Avelar v. Mukasey
This text of 283 F. App'x 435 (Avelar v. Mukasey) is published on Counsel Stack Legal Research, covering Court of Appeals for the Ninth Circuit primary law. Counsel Stack provides free access to over 12 million legal documents including statutes, case law, regulations, and constitutions.
Opinion
MEMORANDUM
Antonio Fernando Avelar, a native and citizen of Portugal, petitions for review of an order of the Board of Immigration Appeals (“BIA”) summarily affirming an immigration judge’s (“IJ”) pretermission of his application for discretionary relief from deportation. We have jurisdiction pursuant to 8 U.S.C. § 1252, and we grant the petition and remand for further proceedings.
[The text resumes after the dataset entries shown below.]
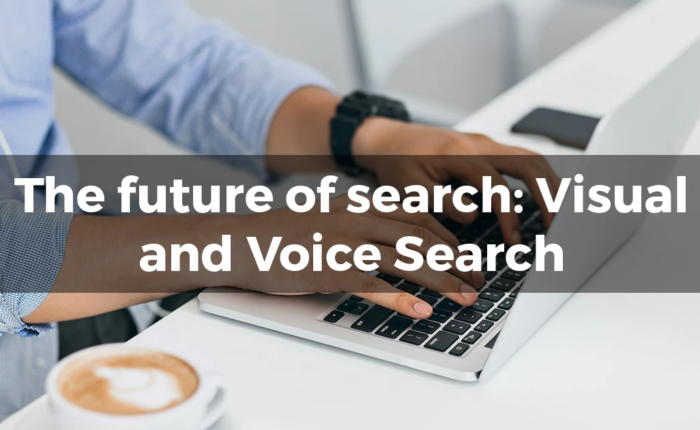 Visual and voice searches have become more important than text input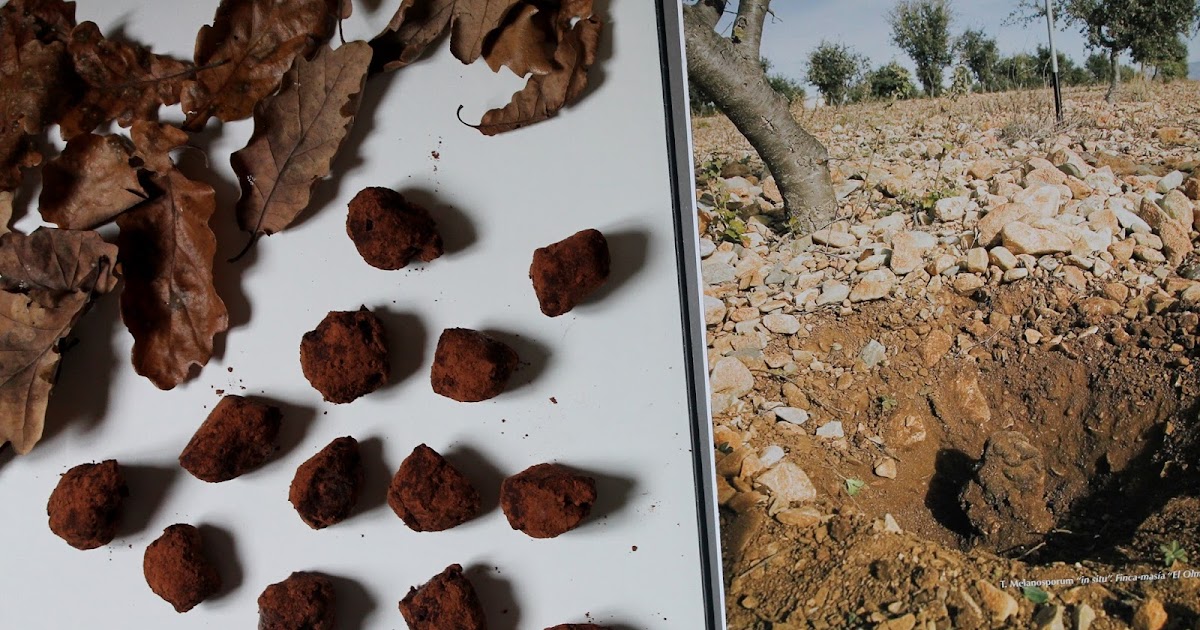 Mis tapas: Trufas trufadas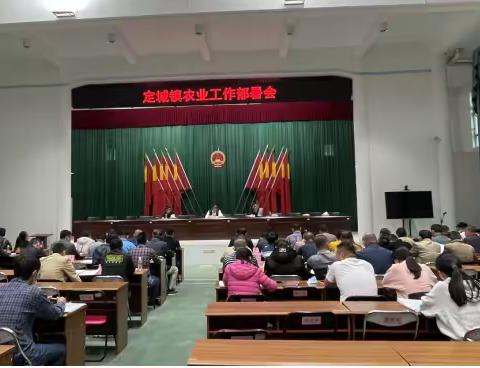 2022年定城镇农业工作部署会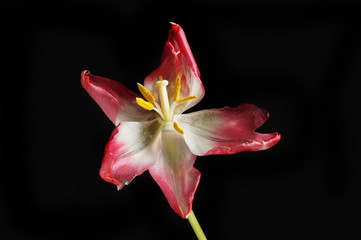 Wilting tulip flower against black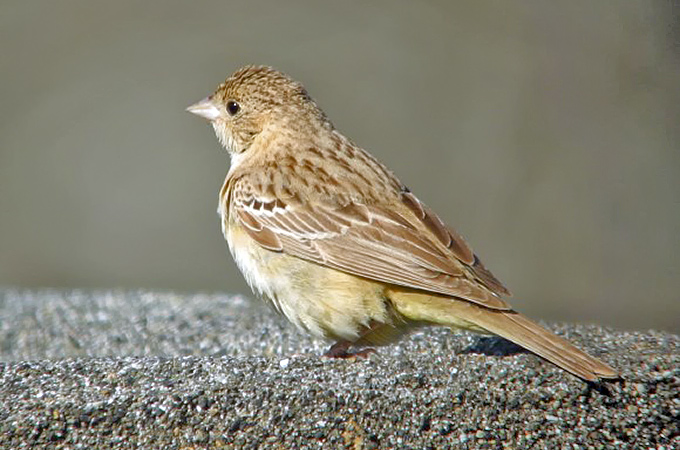 Black-headed Bunting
Avelar exhausted his claim that the IJ incorrectly applied the Antiterrorism and Effective Death Penalty Act, Pub.L. No. 104^132, 110 Stat. 1214, 1277 (1996), by stating in his brief to the BIA that the IJ “erred in finding that [Avelar] was not eligible for 212(c) relief where application of the AEDPA and IIRIRA to [Avelar] would result in severe retroactive effect.” See Kaganovich v. Gonzales, 470 F.3d 894, 897 (9th Cir.2006) (claim is exhausted if petitioner’s arguments below “put the BIA [436]*436on notice [and gave it] ... an opportunity to pass on th[e] issue”) (internal quotation marks omitted).
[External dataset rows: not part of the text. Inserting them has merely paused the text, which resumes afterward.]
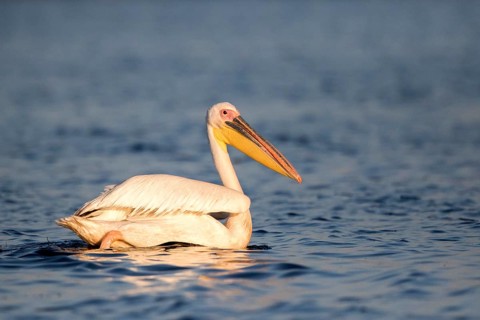 Great White Pelican (Pelecanus onocrotalus), Danube Delta, Romania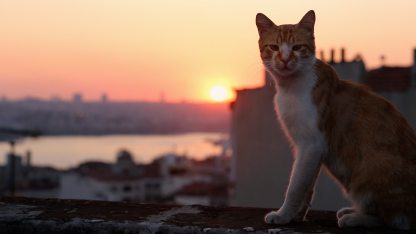 10 - Kamil in KEDI.jpg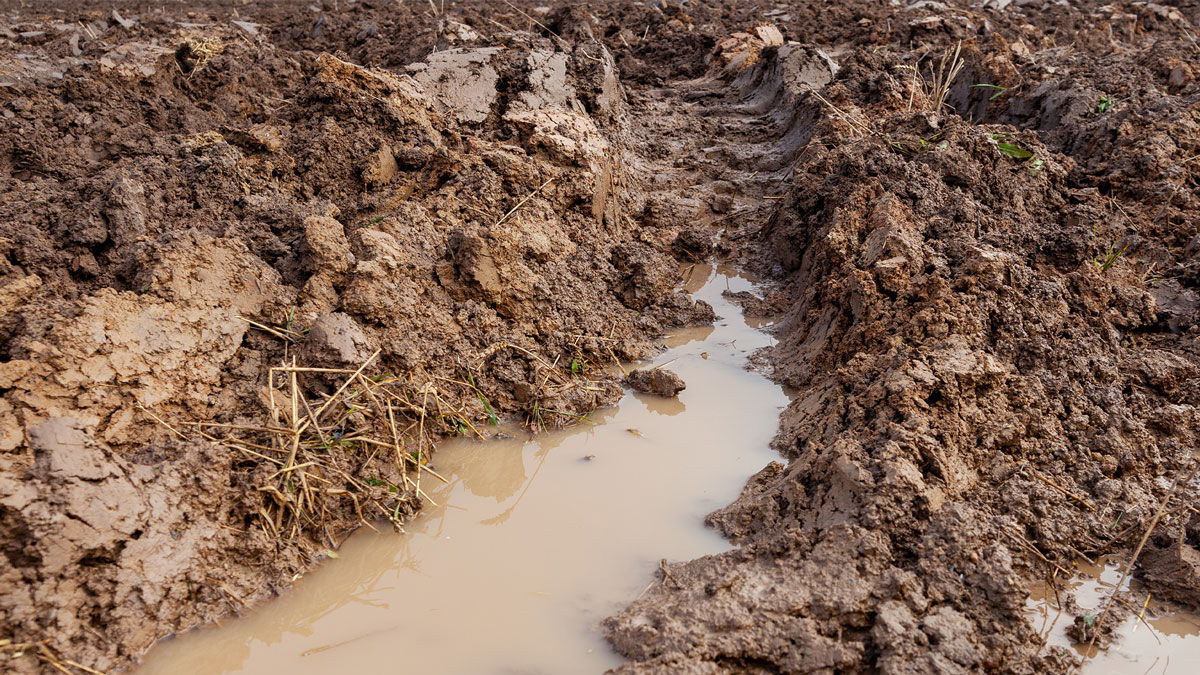 what is soil conditioner for clay soil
“The applicability of a statute to a particular case is a question of law we review de novo.” United States v. Villa-Gonzalez, 208 F.3d 1160, 1163 (9th Cir.2000) (per curiam). Because Avelar’s deportation case commenced in 1993, the IJ erred in applying to Avelar AEDPA § 440(d)’s repeal of section 212(c) relief for aliens convicted of qualifying drug offenses. See Magana-Pizano v. INS, 200 F.3d 603, 611 (9th Cir.1999) (“AEDPA § 440(d) cannot be applied to deportation cases pending on the date AEDPA became law [April 24, 1996].”); see also United States v. Herrera-Blanco, 232 F.3d 715, 719 (9th Cir. 2000) (same).
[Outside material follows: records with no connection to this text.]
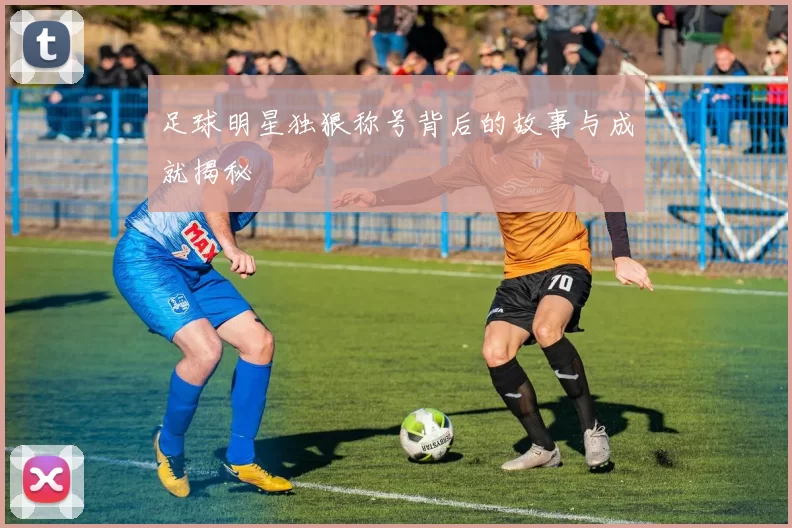 足球明星独狠称号背后的故事与成就揭秘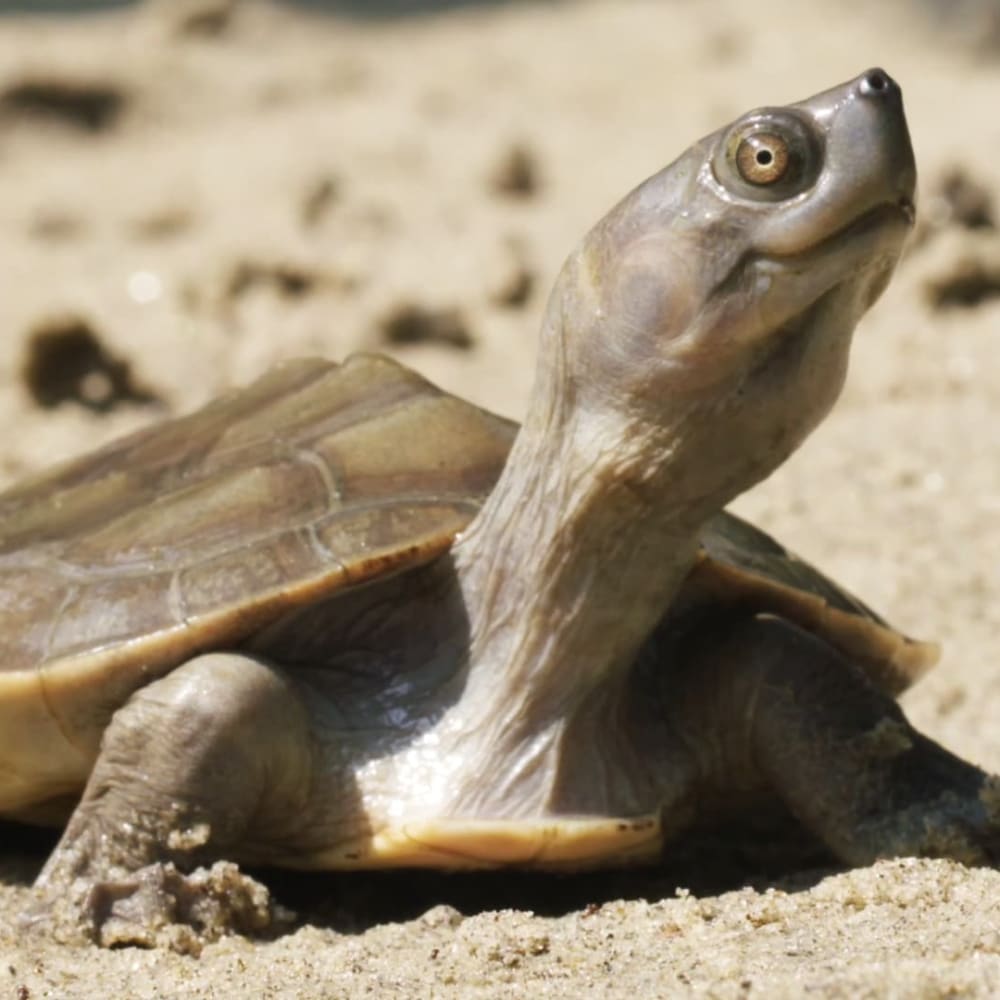 Lost and Found: A Quest to Revive the Rare Batagur Baska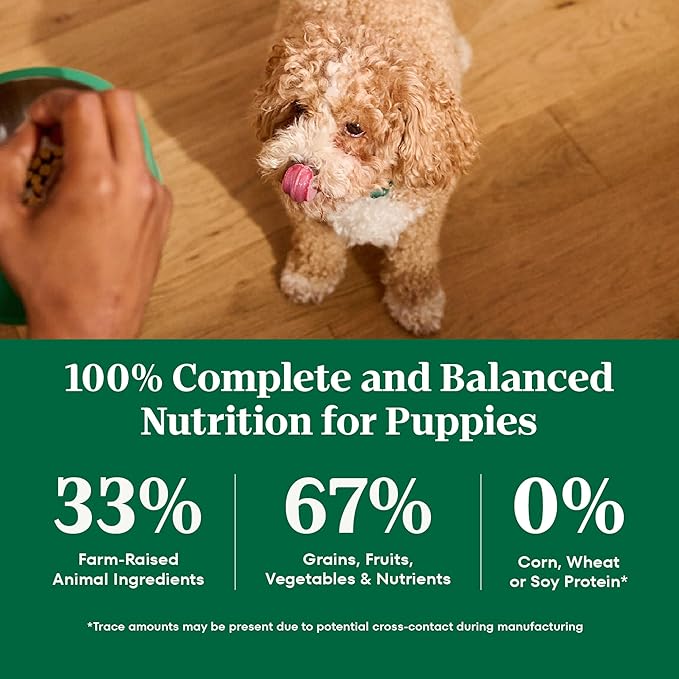 Nutro Natural Choice Lamb & Brown Rice Puppy Food Dry Recipe, 12 lb. Bag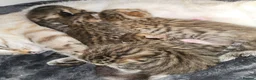 Bengal cats for sale: 💓Beautiful spotted (Rosetted) brown bengals - Advert 21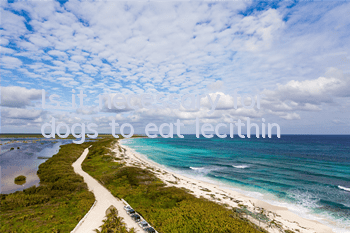 Is it necessary for dogs to eat lecithin?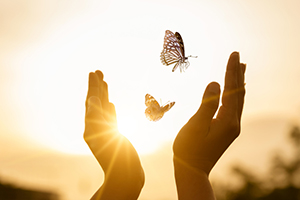 Photograph of an individual releasing two butterflies.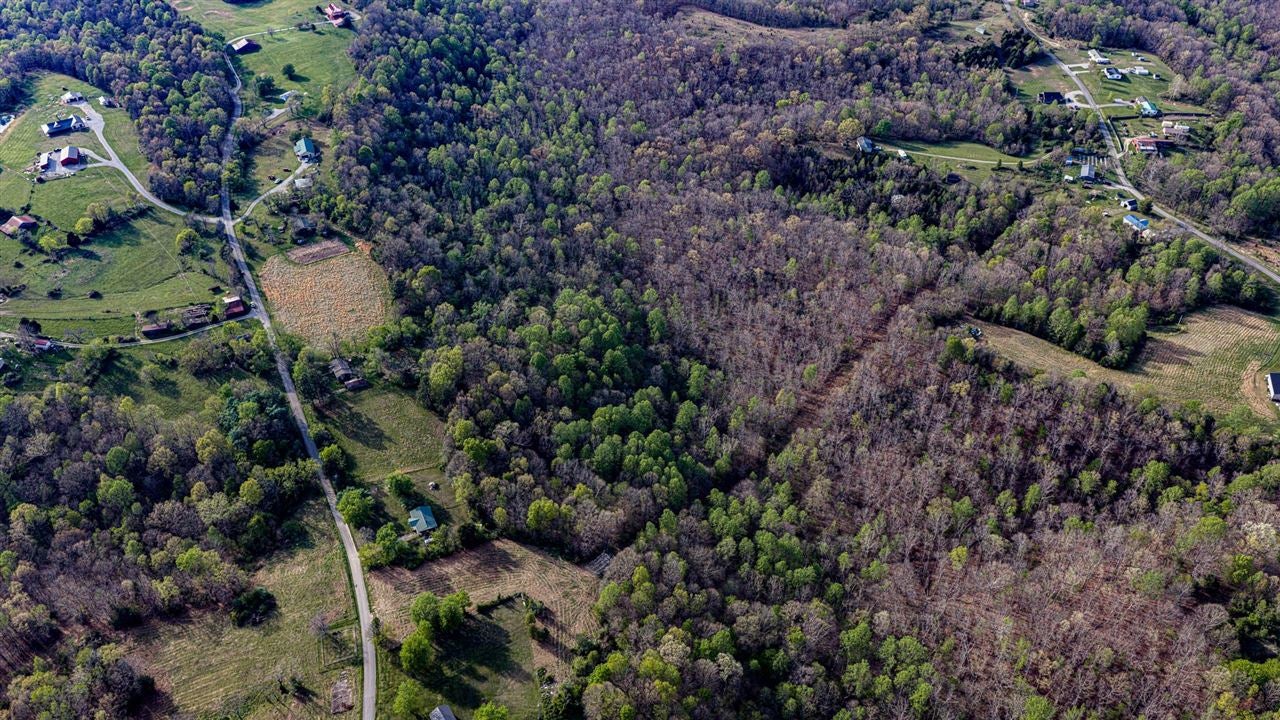 0 Cedar Grove Church Road Bee Spring, KY 42207 - Photo 9 of 9 Gallery Image 9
We reject the Government’s argument that the REAL ID Act, Pub L. No. 109-13, § 106(a), 119 Stat. 231, 310 (2005), completely eliminated the availability of section 212(c) relief regardless of when an alien’s deportation proceeding commenced. Respondent offers no authority for that broad proposition, and we find none. Contrary to the Government’s suggestion, moreover, 8 C.F.R. § 212.3(g), which codifies our holding in Magana-Pizano, has not been repealed, but continues to allow aliens whose deportation proceedings commenced before April 24, 1996, to apply for section 212(c) relief. See 8 C.F.R. § 212.3(g).
We therefore remand for proceedings consistent with this disposition.
PETITION GRANTED.
This disposition is not appropriate for publication and is not precedent except as provided by 9th Cir. R. 36-3. May 20, 2008.